Tuesday, April 21, 2009
In search of lost time
I'm in Houston this evening, here for my final round of thesis and dissertation defenses by grad students -- my last working day at the University of Houston. A very odd feeling, after a decade. I won't be walking into that familiar building any more,a 30's hall of offices and classrooms, the first air-conditioned college building in Ameria, I'm told, built of limestone blocks all marbled and speckled with fossils, the caught lives of ancient seas.
My ten years in Texas feel like an intricate, layered expanse of time, during which the program where I've taught has had several different sorts of atmospheres. And during which my relationship with Houston has shifted several times, too. I wrote an essay about the city for Smithsonian Magazine that tries to think about the odd ways it got under my skin, and made me start to feel at home in a place that isn't, on the surface of things, a place I thought I'd like.
And now I'm done, and wondering a little what I will miss. A certain chatty good-naturedness, exemplified by the people at Baby Barnaby's, my favorite breakfast place. Huge Gulf Coast clouds. My gym. Splendid conversations with graduate poetry students so intent on seeing into the workings of poems. The vegetarian tamales at Berryhill's. Knowing there's a small-but-immense brooding temple of Rothkos down the street. Sitting out by a swimming pool on a warm night in April.

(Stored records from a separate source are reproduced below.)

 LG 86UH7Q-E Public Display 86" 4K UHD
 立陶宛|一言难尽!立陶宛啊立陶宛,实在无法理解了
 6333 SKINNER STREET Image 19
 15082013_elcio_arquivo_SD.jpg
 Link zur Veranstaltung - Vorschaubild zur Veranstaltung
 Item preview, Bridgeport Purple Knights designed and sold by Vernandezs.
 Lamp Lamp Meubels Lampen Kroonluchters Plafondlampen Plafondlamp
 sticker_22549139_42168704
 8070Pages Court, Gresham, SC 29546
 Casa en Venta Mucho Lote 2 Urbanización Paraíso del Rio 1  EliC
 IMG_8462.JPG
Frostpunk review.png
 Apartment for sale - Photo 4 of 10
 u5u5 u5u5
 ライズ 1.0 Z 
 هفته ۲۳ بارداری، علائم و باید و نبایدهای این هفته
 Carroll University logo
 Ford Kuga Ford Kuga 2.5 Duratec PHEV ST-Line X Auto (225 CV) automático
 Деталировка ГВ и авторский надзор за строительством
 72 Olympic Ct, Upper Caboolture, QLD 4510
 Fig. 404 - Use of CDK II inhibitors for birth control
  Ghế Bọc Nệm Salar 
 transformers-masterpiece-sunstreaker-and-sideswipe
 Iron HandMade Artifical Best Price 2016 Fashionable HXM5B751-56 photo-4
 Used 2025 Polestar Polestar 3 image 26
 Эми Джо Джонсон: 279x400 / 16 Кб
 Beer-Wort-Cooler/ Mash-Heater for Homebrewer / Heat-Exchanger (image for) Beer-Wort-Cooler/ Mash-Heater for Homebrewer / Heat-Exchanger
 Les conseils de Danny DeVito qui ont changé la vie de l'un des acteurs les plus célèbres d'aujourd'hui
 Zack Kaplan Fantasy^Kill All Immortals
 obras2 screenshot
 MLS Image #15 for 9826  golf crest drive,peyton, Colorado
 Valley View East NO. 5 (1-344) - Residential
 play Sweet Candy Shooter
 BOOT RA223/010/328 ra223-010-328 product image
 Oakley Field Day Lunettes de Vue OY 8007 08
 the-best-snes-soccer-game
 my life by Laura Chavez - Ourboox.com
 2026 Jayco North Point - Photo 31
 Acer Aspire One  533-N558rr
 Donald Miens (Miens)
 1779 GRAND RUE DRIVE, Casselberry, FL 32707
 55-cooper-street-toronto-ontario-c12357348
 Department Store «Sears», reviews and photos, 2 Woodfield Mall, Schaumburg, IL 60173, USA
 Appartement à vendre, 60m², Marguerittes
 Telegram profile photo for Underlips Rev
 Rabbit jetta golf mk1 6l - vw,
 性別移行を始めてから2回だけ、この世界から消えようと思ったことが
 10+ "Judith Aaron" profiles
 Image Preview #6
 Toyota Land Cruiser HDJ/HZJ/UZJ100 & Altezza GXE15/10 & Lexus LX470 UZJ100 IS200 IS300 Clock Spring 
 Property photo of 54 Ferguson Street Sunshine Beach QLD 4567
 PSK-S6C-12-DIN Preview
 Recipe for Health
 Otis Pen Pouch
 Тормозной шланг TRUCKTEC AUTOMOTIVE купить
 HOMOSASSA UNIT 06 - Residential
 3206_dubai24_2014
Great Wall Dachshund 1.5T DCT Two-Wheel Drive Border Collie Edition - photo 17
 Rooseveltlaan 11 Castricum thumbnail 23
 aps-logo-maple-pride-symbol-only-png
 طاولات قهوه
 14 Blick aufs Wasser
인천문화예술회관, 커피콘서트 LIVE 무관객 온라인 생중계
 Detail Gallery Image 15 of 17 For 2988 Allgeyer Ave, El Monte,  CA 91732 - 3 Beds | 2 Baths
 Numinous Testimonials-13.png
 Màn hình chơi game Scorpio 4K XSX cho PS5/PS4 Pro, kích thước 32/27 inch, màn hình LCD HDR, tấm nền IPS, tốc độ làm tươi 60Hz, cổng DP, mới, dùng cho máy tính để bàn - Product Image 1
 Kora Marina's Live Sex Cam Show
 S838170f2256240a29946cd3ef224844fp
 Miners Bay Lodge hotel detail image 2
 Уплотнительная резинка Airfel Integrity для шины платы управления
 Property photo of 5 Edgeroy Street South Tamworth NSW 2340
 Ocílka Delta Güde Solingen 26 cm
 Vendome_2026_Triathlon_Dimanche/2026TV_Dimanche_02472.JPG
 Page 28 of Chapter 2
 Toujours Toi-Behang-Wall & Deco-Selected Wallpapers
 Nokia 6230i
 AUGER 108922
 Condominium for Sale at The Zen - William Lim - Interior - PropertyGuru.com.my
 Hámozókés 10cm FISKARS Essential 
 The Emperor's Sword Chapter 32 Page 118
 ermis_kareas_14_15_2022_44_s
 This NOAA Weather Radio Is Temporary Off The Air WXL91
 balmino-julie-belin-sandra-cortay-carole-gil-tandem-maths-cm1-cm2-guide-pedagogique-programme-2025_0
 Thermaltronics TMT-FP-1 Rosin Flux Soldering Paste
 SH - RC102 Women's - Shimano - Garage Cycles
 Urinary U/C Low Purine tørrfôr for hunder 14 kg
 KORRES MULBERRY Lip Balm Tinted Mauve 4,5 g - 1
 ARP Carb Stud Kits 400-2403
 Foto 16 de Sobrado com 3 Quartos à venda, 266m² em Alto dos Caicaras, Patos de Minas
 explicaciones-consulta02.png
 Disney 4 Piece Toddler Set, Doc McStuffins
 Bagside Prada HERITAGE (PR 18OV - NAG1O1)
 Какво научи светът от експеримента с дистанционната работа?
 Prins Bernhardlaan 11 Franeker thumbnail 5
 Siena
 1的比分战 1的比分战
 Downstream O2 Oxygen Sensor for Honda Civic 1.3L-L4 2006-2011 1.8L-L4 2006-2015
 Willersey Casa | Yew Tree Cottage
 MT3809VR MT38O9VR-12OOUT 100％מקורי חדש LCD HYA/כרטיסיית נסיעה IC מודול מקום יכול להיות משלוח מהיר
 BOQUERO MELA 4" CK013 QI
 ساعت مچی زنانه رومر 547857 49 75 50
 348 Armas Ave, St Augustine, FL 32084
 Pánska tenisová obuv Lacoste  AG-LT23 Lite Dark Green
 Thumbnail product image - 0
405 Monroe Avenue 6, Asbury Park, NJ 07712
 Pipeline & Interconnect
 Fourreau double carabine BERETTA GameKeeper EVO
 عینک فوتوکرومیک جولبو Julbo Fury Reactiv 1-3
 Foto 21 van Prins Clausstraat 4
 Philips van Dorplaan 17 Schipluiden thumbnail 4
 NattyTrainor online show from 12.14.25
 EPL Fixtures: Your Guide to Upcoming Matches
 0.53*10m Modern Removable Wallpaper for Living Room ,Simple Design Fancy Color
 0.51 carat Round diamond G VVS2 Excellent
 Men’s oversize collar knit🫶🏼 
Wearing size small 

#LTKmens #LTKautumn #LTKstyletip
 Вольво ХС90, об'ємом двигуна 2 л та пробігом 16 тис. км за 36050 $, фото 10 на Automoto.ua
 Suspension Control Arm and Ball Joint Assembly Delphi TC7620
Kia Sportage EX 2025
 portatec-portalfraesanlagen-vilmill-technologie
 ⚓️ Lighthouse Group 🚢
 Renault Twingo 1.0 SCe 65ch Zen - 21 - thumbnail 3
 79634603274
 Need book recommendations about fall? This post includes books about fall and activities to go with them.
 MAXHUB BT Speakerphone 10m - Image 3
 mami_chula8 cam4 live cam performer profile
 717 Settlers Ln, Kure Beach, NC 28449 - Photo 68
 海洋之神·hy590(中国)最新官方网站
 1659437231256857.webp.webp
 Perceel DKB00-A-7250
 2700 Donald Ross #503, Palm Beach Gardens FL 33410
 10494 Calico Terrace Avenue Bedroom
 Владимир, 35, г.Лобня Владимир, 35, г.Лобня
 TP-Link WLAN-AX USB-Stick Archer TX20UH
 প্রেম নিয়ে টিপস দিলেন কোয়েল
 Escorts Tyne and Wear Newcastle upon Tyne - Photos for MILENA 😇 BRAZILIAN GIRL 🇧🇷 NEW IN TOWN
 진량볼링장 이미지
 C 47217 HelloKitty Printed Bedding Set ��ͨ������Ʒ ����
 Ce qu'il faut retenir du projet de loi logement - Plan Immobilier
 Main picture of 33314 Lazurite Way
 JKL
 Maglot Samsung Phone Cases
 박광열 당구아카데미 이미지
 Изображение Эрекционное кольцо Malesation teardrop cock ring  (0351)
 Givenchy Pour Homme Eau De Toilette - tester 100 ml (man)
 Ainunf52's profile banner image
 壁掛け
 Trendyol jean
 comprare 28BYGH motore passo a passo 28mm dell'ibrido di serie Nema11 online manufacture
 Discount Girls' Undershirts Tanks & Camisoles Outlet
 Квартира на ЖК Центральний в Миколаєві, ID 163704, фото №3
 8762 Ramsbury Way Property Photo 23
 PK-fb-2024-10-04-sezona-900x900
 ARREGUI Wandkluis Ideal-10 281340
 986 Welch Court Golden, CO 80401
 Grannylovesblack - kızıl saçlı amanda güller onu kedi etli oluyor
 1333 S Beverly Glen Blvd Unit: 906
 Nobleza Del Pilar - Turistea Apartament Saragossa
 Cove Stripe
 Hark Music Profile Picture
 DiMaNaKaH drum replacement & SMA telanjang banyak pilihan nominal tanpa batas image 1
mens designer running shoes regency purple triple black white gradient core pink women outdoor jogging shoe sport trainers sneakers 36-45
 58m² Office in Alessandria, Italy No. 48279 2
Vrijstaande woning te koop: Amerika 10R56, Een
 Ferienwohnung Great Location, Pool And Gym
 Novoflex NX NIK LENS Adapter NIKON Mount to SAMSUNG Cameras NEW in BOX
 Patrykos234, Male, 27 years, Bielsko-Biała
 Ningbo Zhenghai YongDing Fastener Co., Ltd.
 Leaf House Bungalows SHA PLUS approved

I'm not sure why I have the urge to juxtapose this with the news story I read today about the discovery of a very well-preserved baby mammoth. A month old, more-or-less pickled by the muddy clay in which she drowned, and her mother's milk still in her stomach, after forty thousand years. Her photo's lovely and moving, I think.
Surely one of the pleasures of blogging is curatorial, placing things side by side.